Part 3 in a series of reflections in the lead-up to Critical Communications World 2018

As happens each year, Critical Communications World highlights the latest innovations that advance the state-of-the-art in mission-critical communications. This year will be no different, and LTE will surely be a focal point for much of what the ecosystem unveils in Berlin. But while these new mobile broadband data capabilities are top-of-mind, mission-critical voice radio transmissions remain the backbone for public safety operations. Unfortunately, widely anticipated LTE technology supporting mission-critical voice transmissions continue to lack needed mechanisms when users are beyond the network's reach. Will Critical Communications World shed some light on the missing gap?

As emergency services workers operate inside large structures, they frequently move to locations where a network radio signal is absent. Even when the network is not reachable, modern critical communications systems such as TETRA provide for direct mode operations that enable out-of-range devices to directly communicate in a back-to-back fashion or via a nearby unit that can relay signals. Though emergency services personnel handle this challenge as a matter-of-course during day-to-day operations, the loss of network access can also result from major disasters that destroy network infrastructure. Regardless of the cause or duration, mission-critical networks must have direct mode functionality. As suppliers and network operators evolve towards LTE-based mobile broadband networks for efficiency and rich communications functionality, the base requirement for direct mode connectivity remains a high priority.

Sadly, LTE-based mechanisms to replace back-to-back (or, in American parlance "talk-around") communications remain a work-in-progress. The latest LTE modems entering the market do not support 3GPP Proximity Services (ProSe) needed for operation in the absence of a network. Worse, LTE's wideband radio carriers and low transmission power limits make any LTE-based solution unlikely to match performance levels reached in today's widely available mission-critical handset devices used in TETRA or APCO Project 25 systems. Without the power to punch out of a large building structure, the LTE-only devices will not gain the confidence of police officers and firefighters. 
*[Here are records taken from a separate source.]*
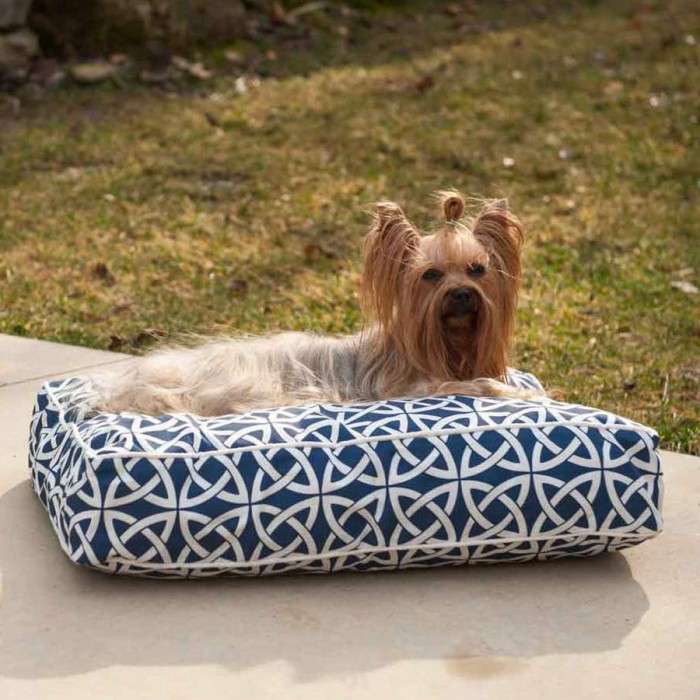 Outdoor Waterproof Round Dog Bed Snoozer Pet Products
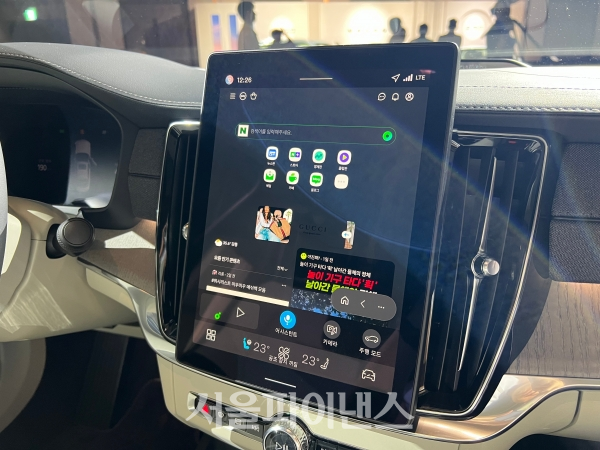 신형 XC90과 S90의 인포테인먼트 시스템에선 네이버 웨일 브라우저를 통해 다양한 엔터테인먼트 기능을 사용할 수 있다 (사진=김완일 기자)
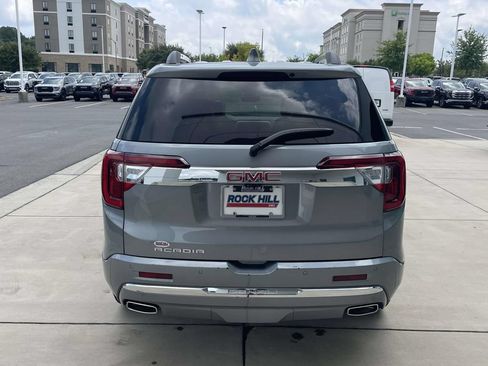 Used 2023 GMC Acadia Denali w/ Denali Ultimate Package FWD image 8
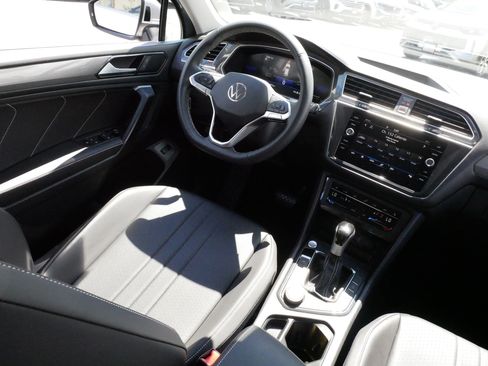 Certified 2024 Volkswagen Tiguan SE AWD/4WD image 9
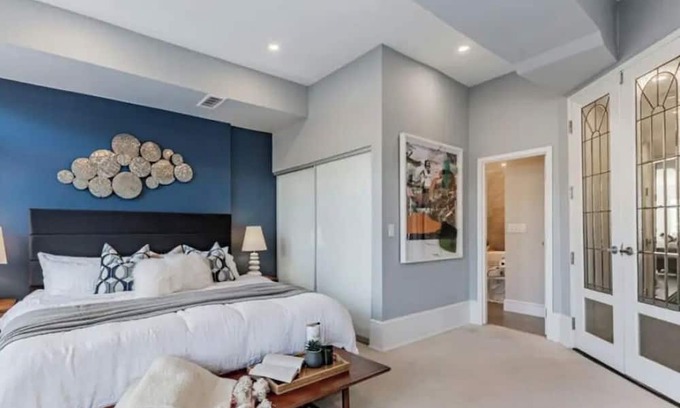 Midtown Toronto Condominio | Corporate living at the crossroads of the Annex and Yorkville (long term rental)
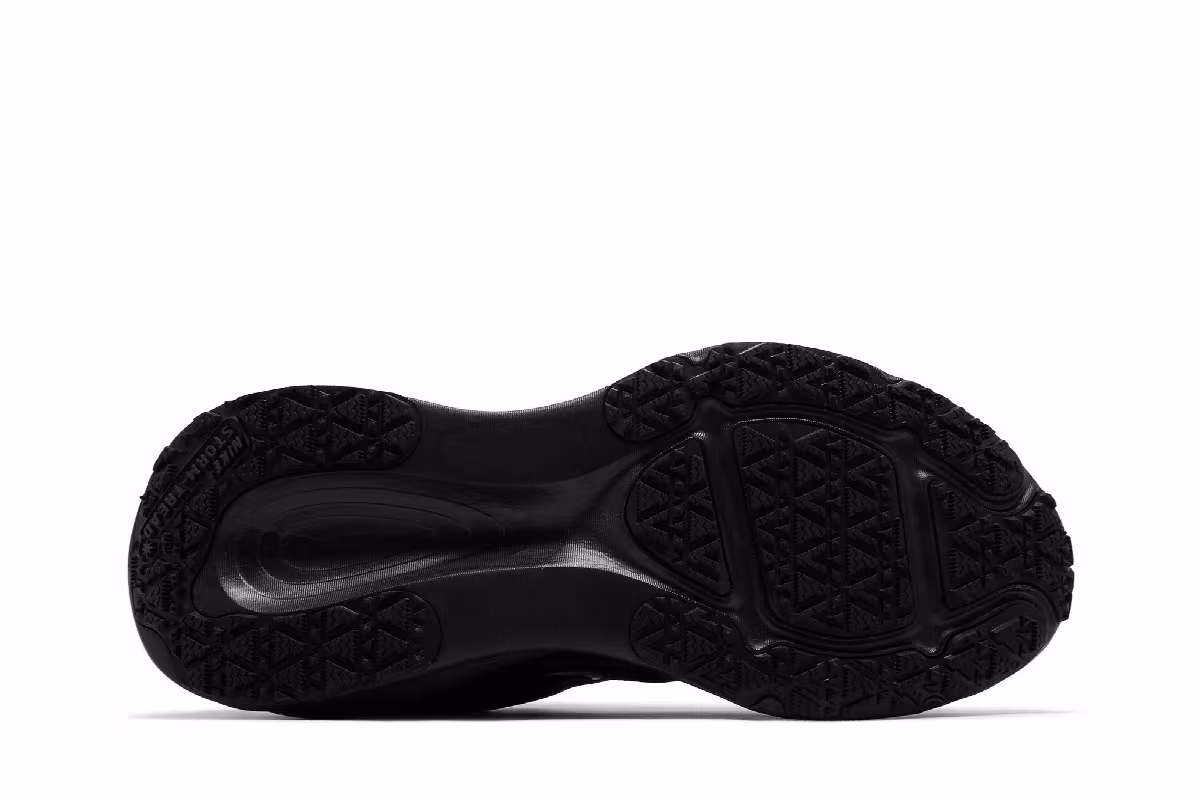 Nike Vomero 18 GORE-TEX Reflective Black Anthracite, view 5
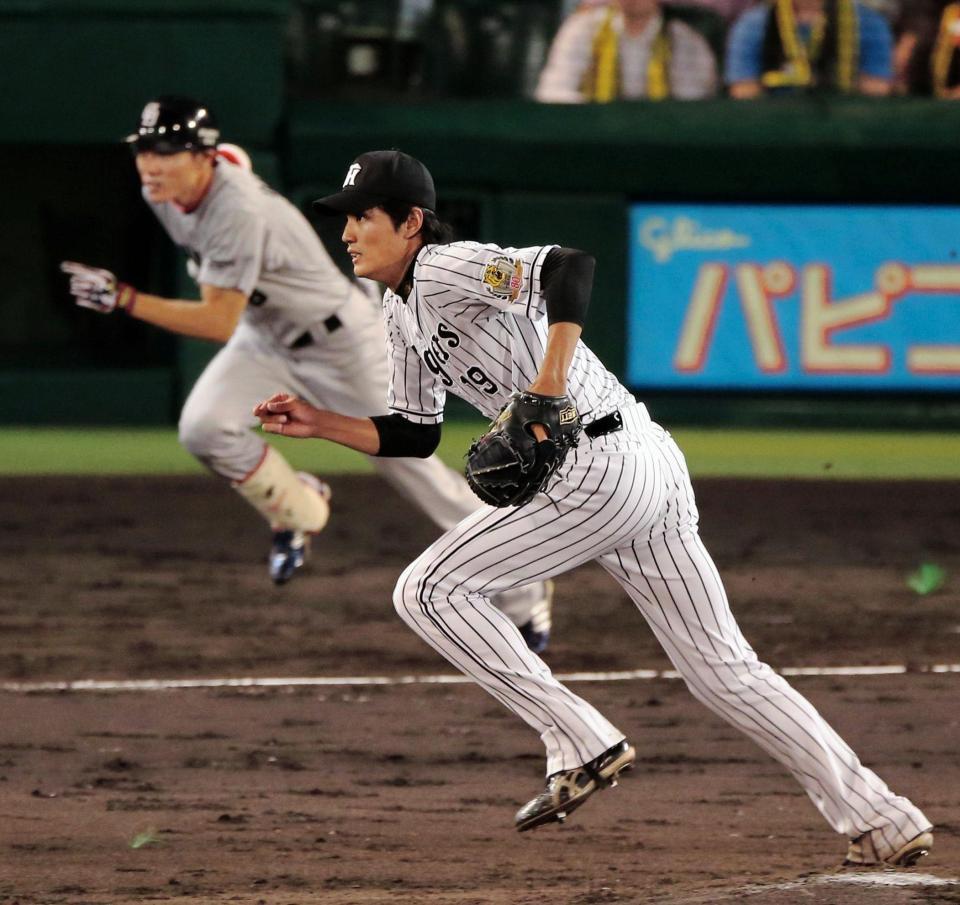 ３回中日無死、一塁ベースカバーに走る阪神・藤浪晋太郎＝甲子園（撮影・棚橋慶太）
A way out of this quandary may have emerged with hybrid devices. Both Airbus SLC and Hytera have already brought combined TETRA/LTE handset devices to market. In the US, Harris Corporation has a combined APCO Project 25/LTE handset. And at Mobile World Congress in Barcelona, SK Telecom highlighted its research and development towards LTE devices with DMR-based back-to-back functionality aimed at Korea's SafeNet users. These approaches vary significantly but they all point towards a future with a hybrid functionality that brings together the best of non-LTE voice and LTE voice/data. 

We do not yet know what suppliers will launch at Critical Communications World in Berlin. But the UK Home Office pleas for solutions to the Direct Mode conundrum may have stimulated a round of needed innovation. If nothing else, the conversation has begun, and Critical Communications World will provide a tantalizing peek at our prospects for a long-term solution meeting the needs of emergency services workers around the globe.